Professionisti – ingegneri, agronomi, geologi e altre figure tecniche – assunti con contratti di lavoro autonomo approvati dal Dipartimento regionale della Funzione Pubblica, che stanno supportando gli uffici regionali e la cabina di regia nell’attuazione e nella gestione dei fondi PNRR e PR FESR 2021–2027. 

«Il tema oggi  – ha chiarito Tamajo – è la necessità di garantire continuità amministrativa in una fase in cui molti interventi sono in chiusura e richiedono competenze specifiche. Interrompere questi rapporti di lavoro significherebbe rallentare procedure già avviate e mettere a rischio risultati concreti». Nel corso dell’incontro, Tamajo ha annunciato che è stato presentato un disegno di legge alla Camera dei Deputati per consentire una soluzione normativa che permetta di non disperdere le competenze attualmente in campo e di accompagnare la Regione nella fase finale dei programmi. 

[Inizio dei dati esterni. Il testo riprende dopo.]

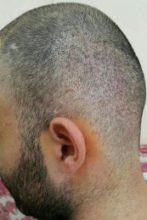 3250-grafts-hair-transplant-results (5)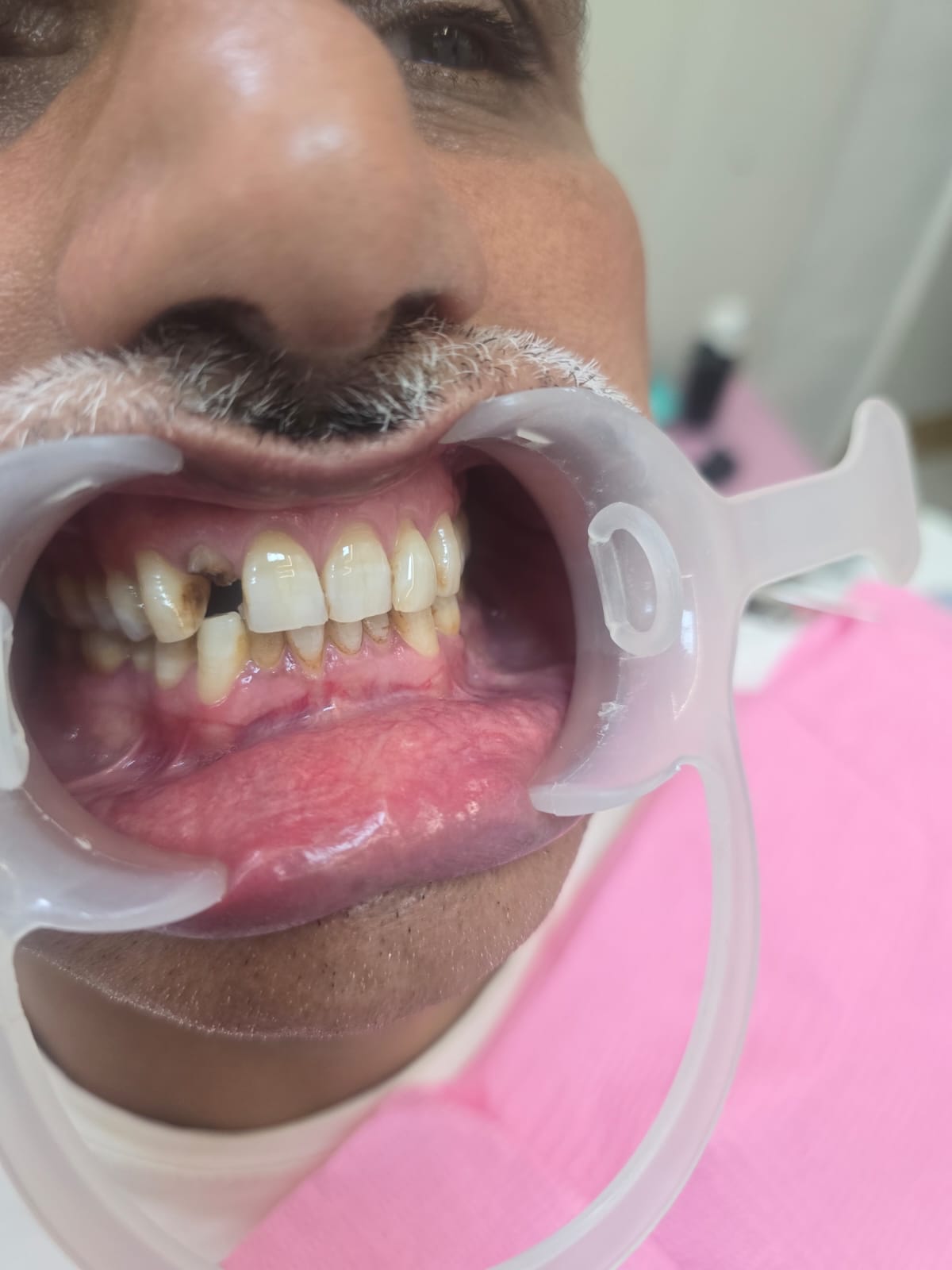 Multiple Teeth Implants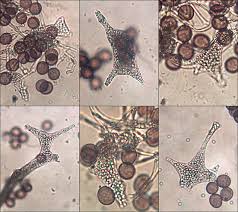 Attēlu rezultāti vaicājumam “Fuligo septica var. rosea plasmodium”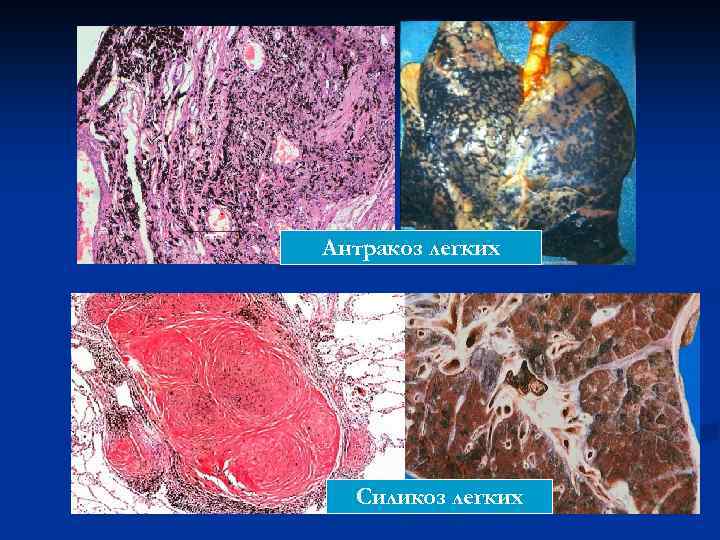 Антракоз легких Силикоз легких 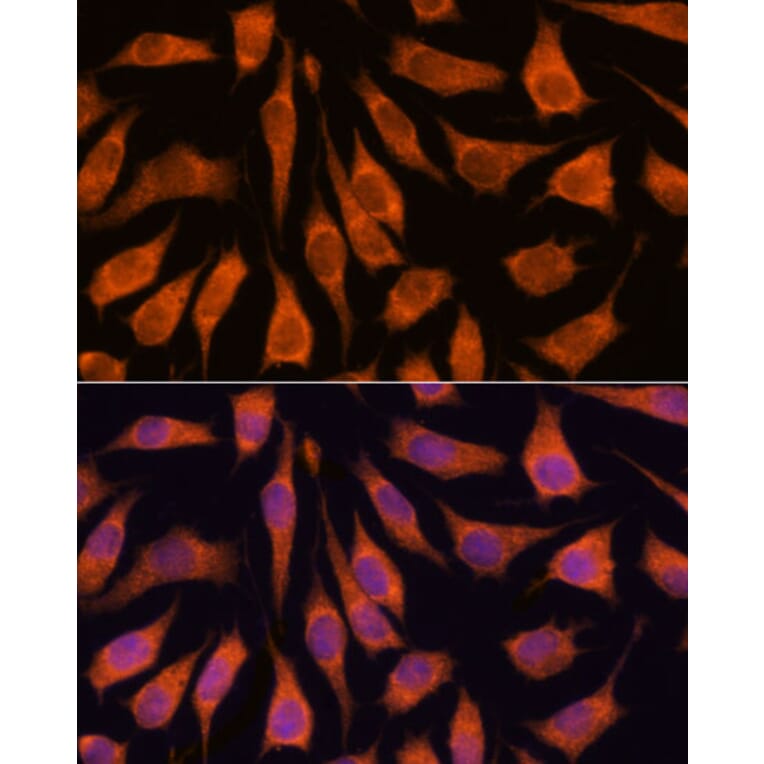 Immunofluorescence - Anti-GOLPH3/MIDAS Antibody (A89536) - Antibodies.com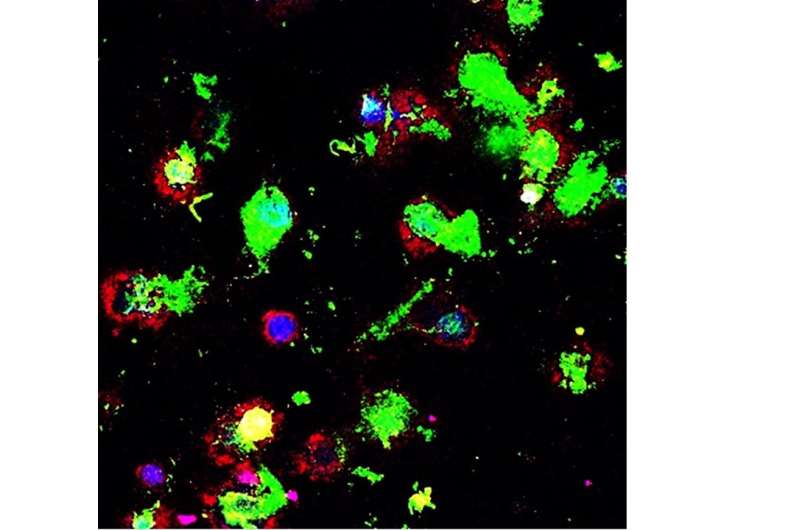 Eat 'em up: Next-generation therapeutic helps immune cells detect, destroy cancer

Alla riunione ha partecipato anche, in collegamento, la Sottosegretaria di Stato ai rapporti con il Parlamento, Matilde Siracusano, alla quale l’assessore ha rivolto un ringraziamento: «Ringrazio la sottosegretaria Siracusano per l’attenzione e la disponibilità dimostrata. Il confronto con il Governo nazionale è fondamentale per individuare soluzioni concrete e rapide». «La Regione Siciliana – ha concluso Tamajo – continuerà a sostenere ogni iniziativa utile a garantire il completamento dei progetti e a rafforzare una macchina amministrativa che oggi lavora sotto organico ma con grande senso di responsabilità».